Once again I need to state that this is not always my default to stress or embarrassment. It’s just that as mentioned, as adults we sometimes forget to laugh. German psychologist and pioneer of humour therapy Dr Michael Titze points out that studies have found that children can laugh up to 300–400 times a day, but by the time they’re adults it reduces to less than 15 times a day, if at all.
Grow Your Mind advocates for talking about mental health with young children. This could be serious but it doesn’t have to be. Humour can be used in the way we deliver our messages.
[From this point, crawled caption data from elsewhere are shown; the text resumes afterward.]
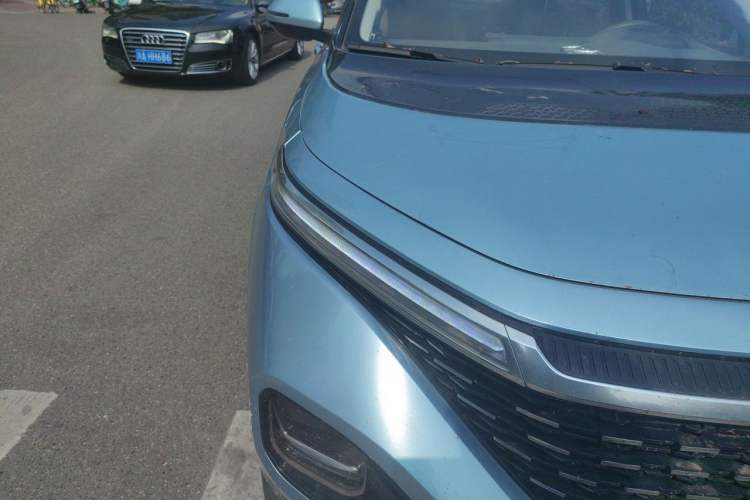 Used Baojun RM-5 2019 1.5T CVT 24-Hour Online Luxury Version 6 Seats Right Front Headlight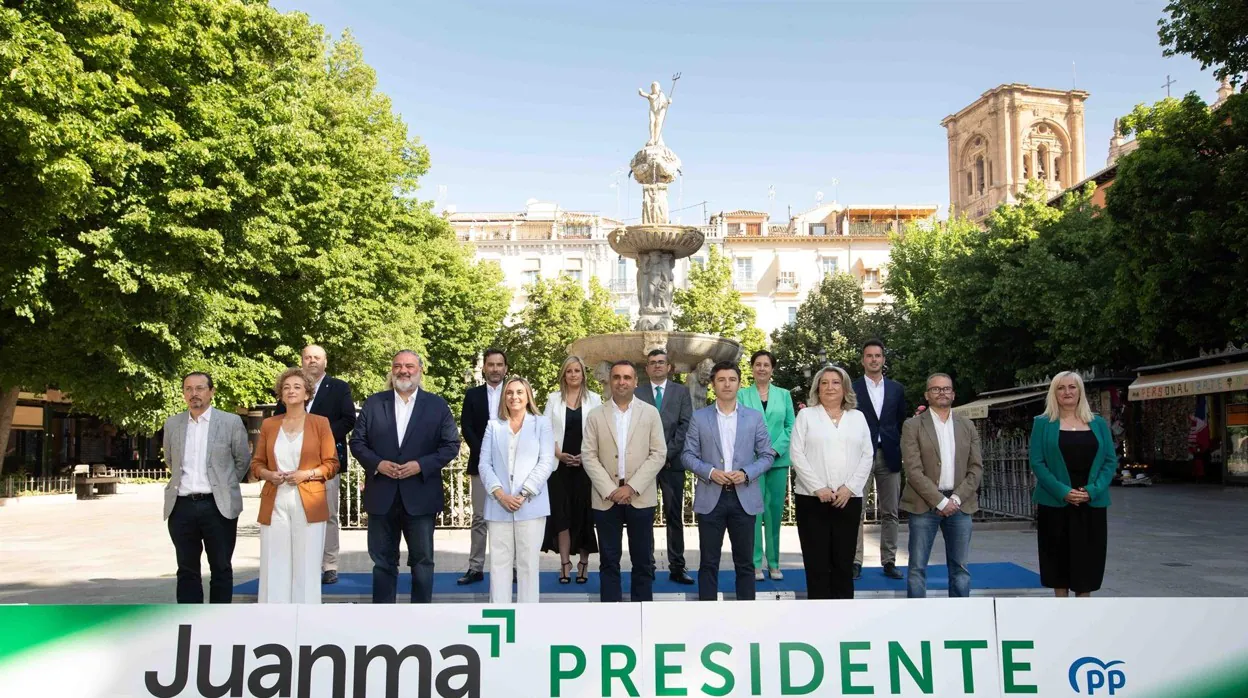 Foto de familia de la lista del PP por Granada a las elecciones andaluzas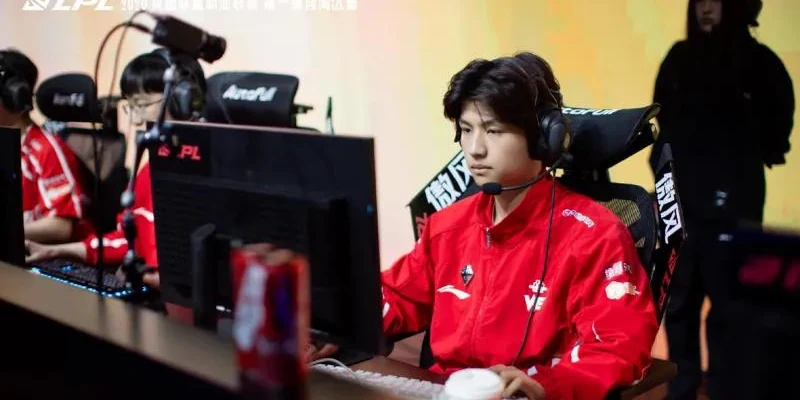 Nhận định WE vs FLY - Demacia Cup: Ai giành vé bán kết trong đại chiến Bo5?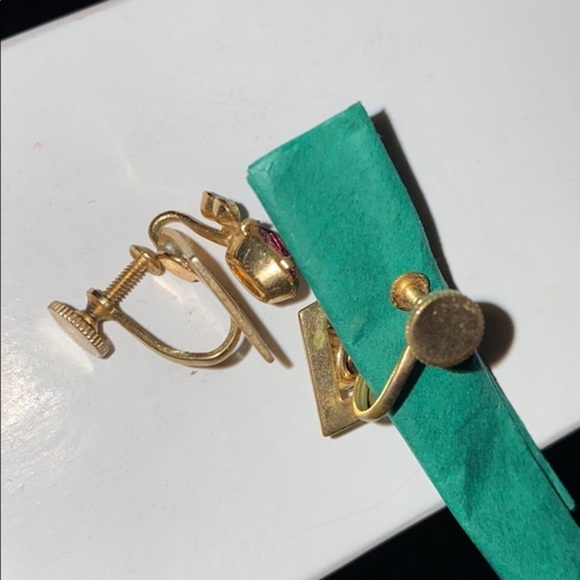 Vintage screw back rhinestone earrings - Picture 2 of 4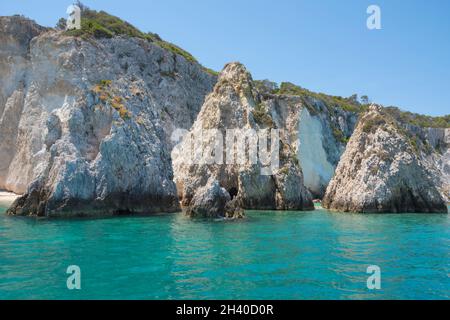 Die Isole Tremiti, San Domino, Foggia, Italien - Juli 2021: Detail des Strandes der Heuhaufen (spiaggia dei pagliai) während einer Bootsfahrt. Stockfoto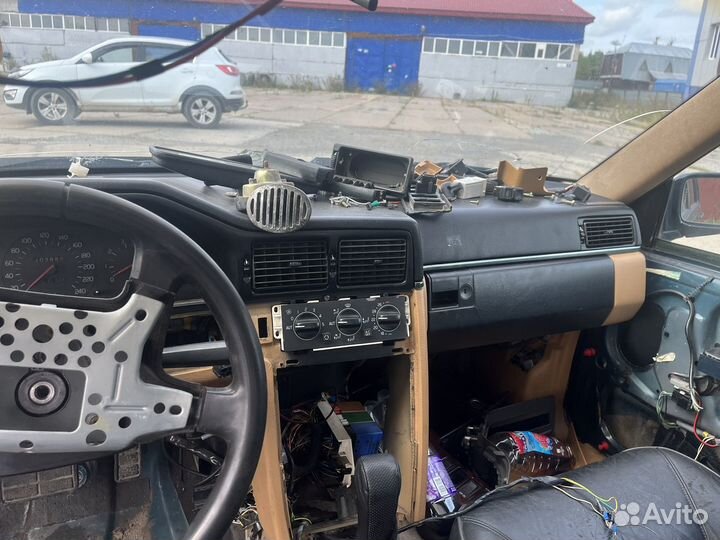 Volvo 960, 1993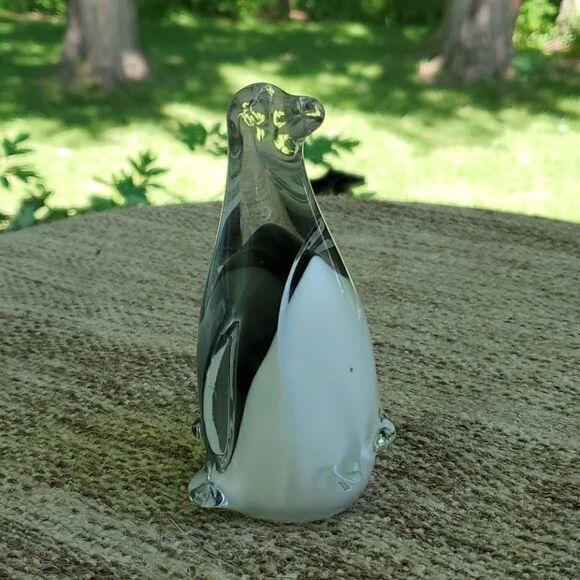Blown Glass Penguin   - Picture 3 of 7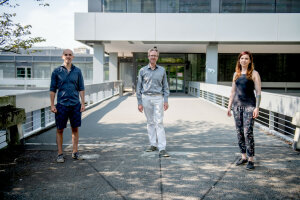 Dr. Carlos Gomes, Prof. Dr. Nikolai Axmacher und Anne Bierbrauer (von links) kooperierten für die Studie. (c) RUB/Marquard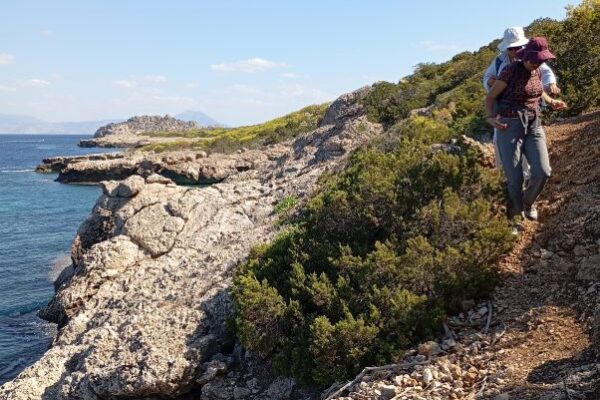 Πεζοπορία στο Λουτράκι παράκτια διαδρομή - Ηραίο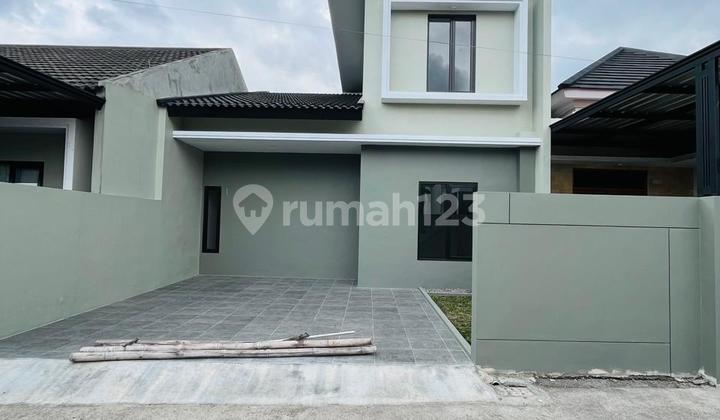 Murah Banget 2 Lantai‼️rumah Baru Mewah 2 Lantai Fresh Desaign Dengan Harga Murah Di Jalan Kaliurang Km.10 Dekat Pasar Gentanlokasi: Jalan Kaliurang Km.10 Sinduharjo Ngaglik  2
For example, everyone, from 3 to 93 can relate to having a bossy Guard Dog (amygdala) that gets it wrong sometimes, barks too loudly and makes bad decisions. Mindfulness itself can be really funny. Getting children to place their heads on other peoples bellies and mindfully listen and notice the sensations of laughing is anything but serious.
Finding it hard to see the funny side?
What questions are you asking your children at the end of the day? Try throwing in: when did you laugh most today?
Get a good joke book: nominate a night to share a joke. Or encourage children to come up with their own jokes.
Pause a moment when you feel your Guard Dog getting big: is there any light in this situation? If you were a fly on the wall is there anything humorous about this situation?
Play: be it a board game, a wrestle, a pretend game, just play. Chances are at some point you will find yourself laughing with your children.